The 72nd Infantry Brigade was organized with the 36th Division at Camp Bowie, Fort Worth, Texas, in July, 1917. The Third Texas Infantry and the Fourth Texas Infantry, both of which had been serving on the Mexican Border since May, 1916, were brought to Camp Bowie and combined with the recently organized units to make up the three units of the brigade, which were the 133rd Machine Gun Battalion, 143rd Infantry and 144th Infantry.
The brigade, commanded by Brigadier General John A. Hulen, who had commanded the Texas Brigade on the Mexican Border, trained at Camp Bowie until the 36th Division was moved to France in July and August, 1918. On arrival in France, the brigade was billeted in the 13th training area near Bar-sur-Aube until September 26, when it was moved with the division to the area between Epernay and Chalons. The Meuse-Argonne offensive was under way only a short distance to the north. The American attack was being aided by the Fourth French Army in the Champagne sector. The resistance to the American advance in the Champagne sector was severe, the Second Division having suffered heavy losses, and its advance having been held up in the vicinity of Blanc Mont and St. Etienne.
The 36th Division was transferred to the Fourth French Army. The 71st Brigade relieved the Second Division on the night of October 6, between St. Etienne and Medeah Farme. The 71st Brigade attacked on the morning of October 8 and made substantial gains toward Mechault.

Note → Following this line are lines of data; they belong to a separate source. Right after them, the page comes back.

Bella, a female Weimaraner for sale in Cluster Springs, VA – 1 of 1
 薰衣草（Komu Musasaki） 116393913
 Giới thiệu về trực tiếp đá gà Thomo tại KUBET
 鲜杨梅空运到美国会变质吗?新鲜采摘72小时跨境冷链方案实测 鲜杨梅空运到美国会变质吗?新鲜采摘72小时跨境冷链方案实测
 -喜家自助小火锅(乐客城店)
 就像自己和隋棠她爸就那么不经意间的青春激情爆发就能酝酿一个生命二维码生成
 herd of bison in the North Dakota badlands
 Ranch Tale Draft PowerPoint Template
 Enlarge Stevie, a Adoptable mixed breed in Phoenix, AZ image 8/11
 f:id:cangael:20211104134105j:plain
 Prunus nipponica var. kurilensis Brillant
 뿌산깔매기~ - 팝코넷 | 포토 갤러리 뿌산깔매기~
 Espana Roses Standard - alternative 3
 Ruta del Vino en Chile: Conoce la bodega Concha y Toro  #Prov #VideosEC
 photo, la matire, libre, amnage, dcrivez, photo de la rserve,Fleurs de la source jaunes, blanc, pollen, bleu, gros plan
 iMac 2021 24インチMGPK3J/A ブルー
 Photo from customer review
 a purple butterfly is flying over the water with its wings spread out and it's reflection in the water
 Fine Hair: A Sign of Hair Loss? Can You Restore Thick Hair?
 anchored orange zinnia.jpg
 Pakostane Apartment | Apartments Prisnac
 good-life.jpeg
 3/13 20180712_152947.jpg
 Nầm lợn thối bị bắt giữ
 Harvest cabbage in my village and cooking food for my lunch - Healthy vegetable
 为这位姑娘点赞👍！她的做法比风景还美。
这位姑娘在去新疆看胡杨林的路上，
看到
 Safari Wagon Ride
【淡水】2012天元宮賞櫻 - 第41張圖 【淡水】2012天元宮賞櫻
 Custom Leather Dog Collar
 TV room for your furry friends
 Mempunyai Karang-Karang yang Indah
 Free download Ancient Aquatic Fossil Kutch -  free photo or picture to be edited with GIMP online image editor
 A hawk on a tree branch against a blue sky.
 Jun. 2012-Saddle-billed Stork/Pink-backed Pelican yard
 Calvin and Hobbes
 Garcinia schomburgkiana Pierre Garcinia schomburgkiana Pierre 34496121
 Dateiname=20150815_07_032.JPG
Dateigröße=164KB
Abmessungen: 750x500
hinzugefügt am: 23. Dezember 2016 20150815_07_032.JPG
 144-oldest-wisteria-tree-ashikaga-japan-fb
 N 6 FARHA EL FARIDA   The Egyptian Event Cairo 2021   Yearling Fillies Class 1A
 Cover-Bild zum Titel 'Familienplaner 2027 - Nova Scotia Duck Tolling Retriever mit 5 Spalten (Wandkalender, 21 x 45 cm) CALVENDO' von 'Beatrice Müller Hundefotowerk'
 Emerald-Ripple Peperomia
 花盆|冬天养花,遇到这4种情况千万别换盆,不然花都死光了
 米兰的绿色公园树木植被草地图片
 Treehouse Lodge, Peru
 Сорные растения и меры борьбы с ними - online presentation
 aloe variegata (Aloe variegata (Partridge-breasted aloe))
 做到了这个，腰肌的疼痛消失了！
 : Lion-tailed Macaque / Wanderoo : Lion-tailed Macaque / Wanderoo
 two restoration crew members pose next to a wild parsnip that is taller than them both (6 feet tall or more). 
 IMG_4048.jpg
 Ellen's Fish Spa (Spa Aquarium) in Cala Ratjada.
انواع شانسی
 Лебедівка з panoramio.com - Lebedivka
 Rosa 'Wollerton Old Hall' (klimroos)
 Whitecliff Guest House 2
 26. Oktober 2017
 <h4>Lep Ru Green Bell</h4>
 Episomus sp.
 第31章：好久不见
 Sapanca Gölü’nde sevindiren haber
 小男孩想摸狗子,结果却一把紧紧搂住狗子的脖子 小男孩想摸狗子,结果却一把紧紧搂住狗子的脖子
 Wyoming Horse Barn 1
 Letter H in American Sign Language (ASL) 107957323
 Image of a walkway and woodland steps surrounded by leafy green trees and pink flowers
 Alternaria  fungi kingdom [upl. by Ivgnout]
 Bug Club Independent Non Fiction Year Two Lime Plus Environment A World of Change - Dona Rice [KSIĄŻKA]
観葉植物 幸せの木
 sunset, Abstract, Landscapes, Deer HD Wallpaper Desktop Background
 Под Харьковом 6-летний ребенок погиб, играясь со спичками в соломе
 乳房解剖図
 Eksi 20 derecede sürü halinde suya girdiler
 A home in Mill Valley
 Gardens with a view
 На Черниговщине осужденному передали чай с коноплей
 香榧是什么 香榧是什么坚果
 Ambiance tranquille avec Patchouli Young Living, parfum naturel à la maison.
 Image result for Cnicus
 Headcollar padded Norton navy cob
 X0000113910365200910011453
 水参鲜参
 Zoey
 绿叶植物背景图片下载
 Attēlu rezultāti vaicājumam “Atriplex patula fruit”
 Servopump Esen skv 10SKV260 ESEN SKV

The remainder of the division, including the 72nd Infantry Brigade, completed the relief of the Second Division, and the command of the sector passed to the 36th Division on October 10. Between 5 and 6 p.m., October 10, the 72nd Brigade passed through the 71st and attacked in the direction of Mechault and Conroy. The attack was severely resisted but resulted in a slight advance before dark. Under pressure of the brigade, the following morning, the enemy began his retreat to the north in the direction of Ducourt and Ettigny. The 72nd Brigade took up the pursuit, and lively rear guard action followed between St. Etienne and Mechault, which resulted in the encircling of the latter town and the establishment of lines to the north of it. The following day, the brigade pushed forward to Hill No. 167, northwest of Vaux Champagne, overlooking the valley of the Aisne from Ettigny to Givry from which position patrols were pushed out to the canal.
The enemy was strongly entrenched on the northern bank of the Aisne and had taken every precaution to prevent a crossing. The 71st Brigade went into the line on the 15th, taking over the front of the 73rd French Division to the east of the 72nd Brigade. Thus the line of the 36th Division was established with the brigades abreast; the 72nd on the west, and extending along the slope of Hill No. 167 approximately four kilometers from the Aisne. On the 27th, Foret Farme, a stronghold south of the river, which the enemy had stubbornly defended, was stormed and the entire garrison killed or captured.
The 72nd Brigade was relieved with the 36th Division on October 26. The brigade was assembled in the Suippes-Somme-Suippes area, and from this point moved to the Triancourt area. Here the brigade remained until the signing of the Armistice. Shortly after the Armistice, the brigade moved with the division to the 16th training area near Tonnerre, returning home in the spring of 1919, and was mustered out of service at Camp Bowie.
On the reorganization of the 36th Division, the brigade was reorganized, and was Federally recognized on November 8, 1922. Under the new tables of organization, the Brigade Machine Gun Battalions were eliminated. Except for this change, and for the addition of the Brigade Headquarters Company, the brigade was reorganized as it was for war service; that is, it was composed of the 143rd and 144th Infantry, and such is its present organization.
The brigade has been commanded as follows: Brigadier General John A. Hulen commanded the brigade from the time of its organization in 1917, through the period of its service at the front in France. General Hulen returned home because of urgent business in April, 1919. Major L. R. Bryan, Jr., was adjutant and Lieutenant George D. Sears assistant adjutant of the brigade during its frontline service. Brigadier General George H. Jamerson of the Regular Army succeeded General Hulen and commanded the brigade until it was mustered out of Federal service.
Brigadier General George P. Rains commanded the brigade on its reorganization in 1922, and remained in command until he assumed command of the 36th Division on September 9, 1935. Brigadier General Oscar E. Roberts succeeded General Rains and commanded the brigade until his retirement on May 20, 1939. Brigadier General Preston A. Weatherred succeeded General Roberts and now commands the brigade.